* [WHAT NEEDS TO BE DONE]:
Return all the data verbatim but without images.

[Items from a data source]
━━━━━━━━━━━━━━━━━━━━

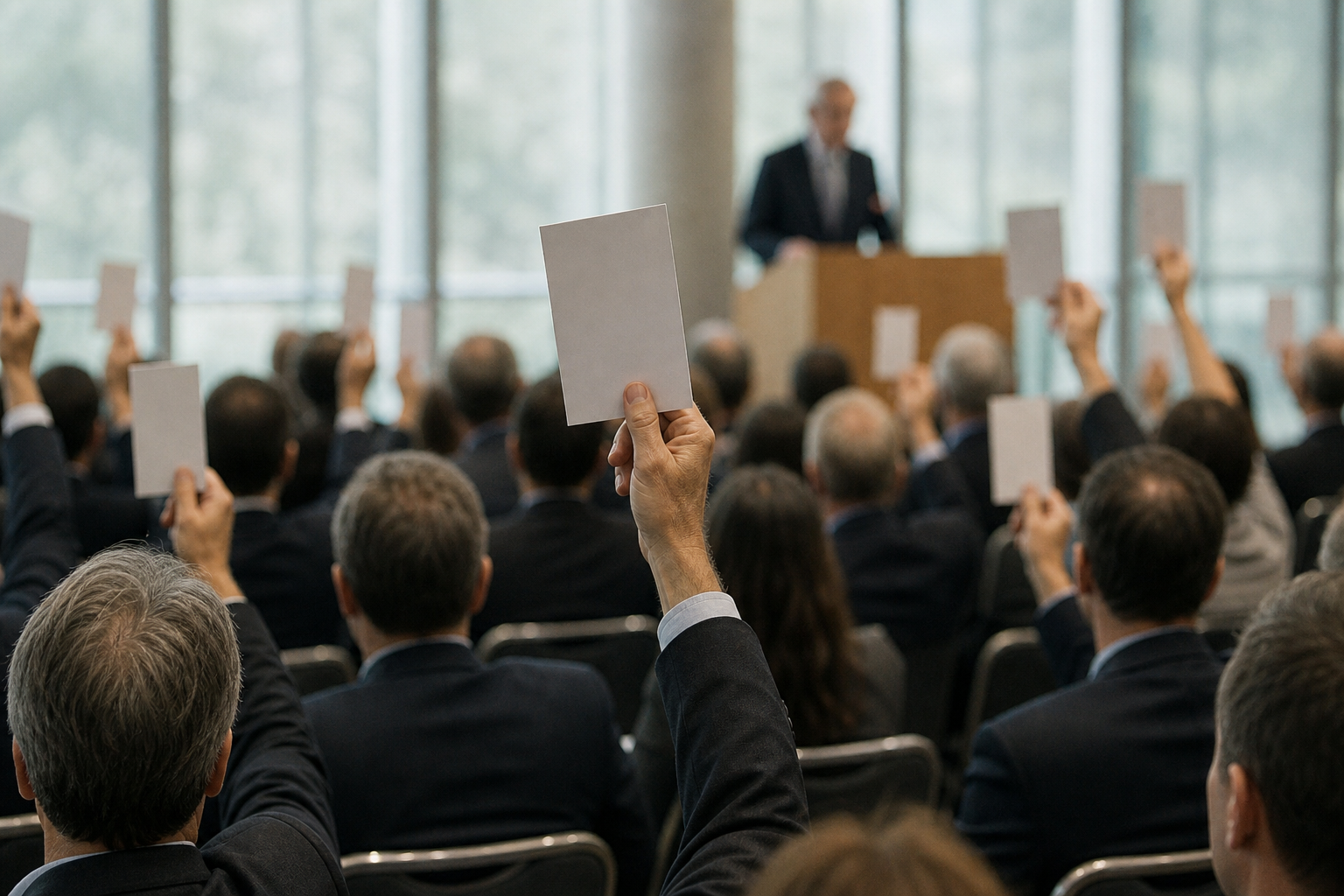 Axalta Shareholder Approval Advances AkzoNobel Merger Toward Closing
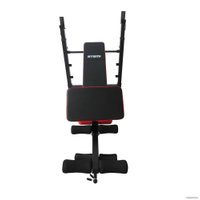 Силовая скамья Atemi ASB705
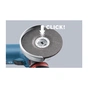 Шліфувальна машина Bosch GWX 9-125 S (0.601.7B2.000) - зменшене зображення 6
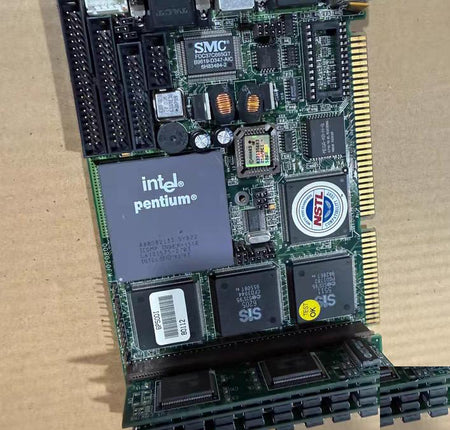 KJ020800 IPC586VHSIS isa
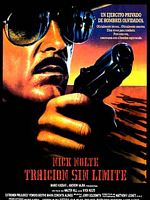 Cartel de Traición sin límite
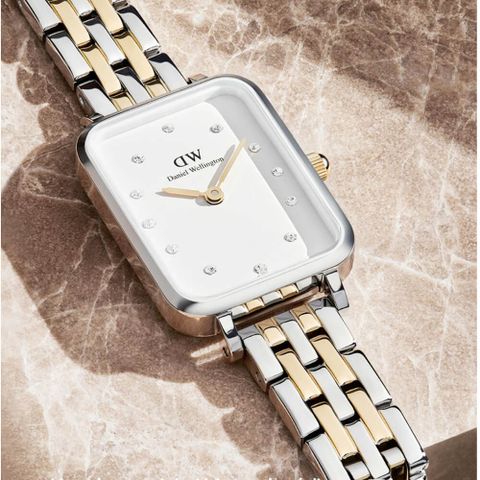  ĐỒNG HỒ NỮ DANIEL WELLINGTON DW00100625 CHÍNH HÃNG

━━━━━━━━━━━━━━━━━━━━

* [RESULT]:
 Axalta Shareholder Approval Advances AkzoNobel Merger Toward Closing
 Силовая скамья Atemi ASB705
 Шліфувальна машина Bosch GWX 9-125 S (0.601.7B2.000) - зменшене зображення 6
 KJ020800 IPC586VHSIS isa
 Cartel de Traición sin límite
  ĐỒNG HỒ NỮ DANIEL WELLINGTON DW00100625 CHÍNH HÃNG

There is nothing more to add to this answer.